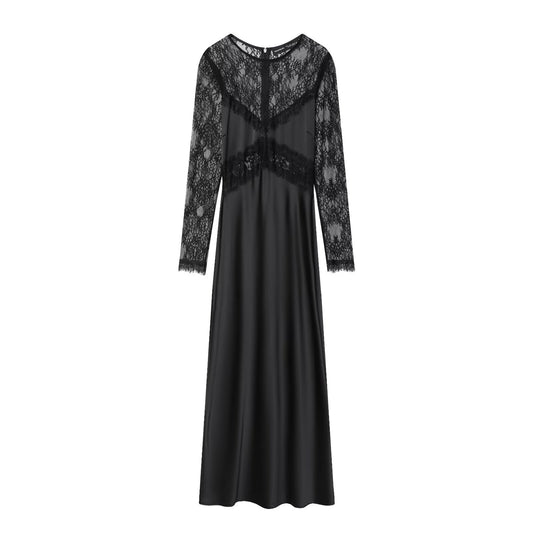 Chic Lace Spliced Long Dress Women Fashion StyleElegant Casual Dress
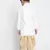 White Woven Blended Cotton Boys-Sherwani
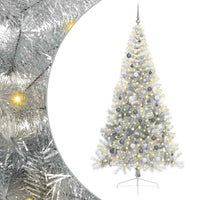 Kunstmatig Voorverlicht Kerstboom Met 300 Led Pet Zilver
# # # #
A faithful transcription of the material, with no pictures, is the expected result.

# Exercise answer
 Chic Lace Spliced Long Dress Women Fashion StyleElegant Casual Dress
 White Woven Blended Cotton Boys-Sherwani
 Kunstmatig Voorverlicht Kerstboom Met 300 Led Pet Zilver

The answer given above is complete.